The center is on the first floor of the church, in a long, narrow room that looks like an old garage. Four big aluminum tables in the middle with big plates of food on them, several metallic chairs… And blaring pop music. Many of the residents spend time dancing together when they get there at night, a way to “take their minds off of their condition,” said Kate Barnhart, the director. The volunteers readily use the word “chaos” to define the place. Barnhart prefers to describe it as a “giant gay slumber party,” as she explained jokingly.

To be admitted, potential residents have to be between 16 and 23 years old and identify as lesbian, gay, bisexual, transgender (LGBT), or “at least somewhere on the LGBT spectrum,” Barnhart said. They can come in between 8 p.m. and 11:30 p.m. and have to be gone by 7:45 a.m.

“The rules are simple: no violence, no homophobia, no stealing and no sex within or around the premises,” explained Geoffrey Ream, a volunteer social worker. Before coming in, if they have weapons, they have to give them to staff members who hold them for the night.

The living conditions are rudimentary: residents sleep in the same room on camp beds or on the floor in sleeping bags. Every once in a while, you can see a mouse scurrying about. But as one of the residents pointed out, “This is the shelter, not the Ritz.”

Sylvia’s Place is one of few shelters for gay youths that have opened in the country in the last decade. There are about thirty of them nationwide today.
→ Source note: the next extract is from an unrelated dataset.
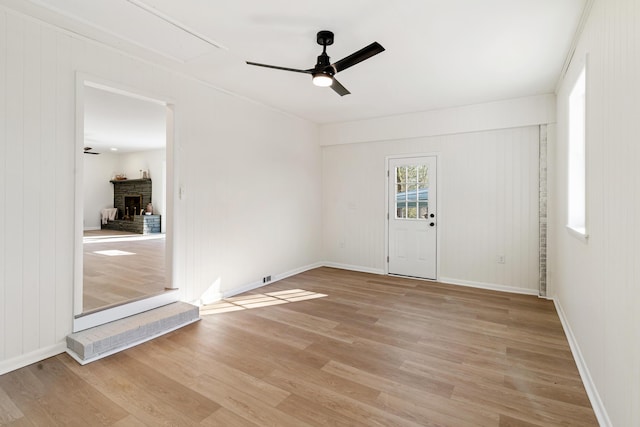 unfurnished room with ceiling fan and light wood-type flooring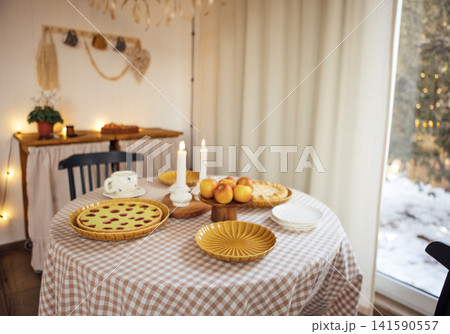 Cozy dining table set with delicious baked goods, fresh apples, and candles, creating a warm atmosphere for gatherings and celebrations in a rustic home setting Cozy dining table set with delicious baked goods, fresh apples, and candles, creating a warm atmosphere for gatherings and celebrations in a rustic home setting 141590557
The number of homeless gay youth currently roaming the streets of American cities is hard to evaluate and there is no official count. One thing is for certain, the 70 beds that are available for them in New York are not enough, as Ream explained.

Barnhart said that gay youths cannot go to “regular” shelters because they get harassed by other residents there, and “sometimes even by social workers.” They usually arrive at Sylvia’ Place “traumatized by the shelter experience,” she added. In theory, they can stay for a maximum of 90 days at Sylvia’s Place but in reality, they remain in the shelter “until they really can go somewhere else,” Barnhart said.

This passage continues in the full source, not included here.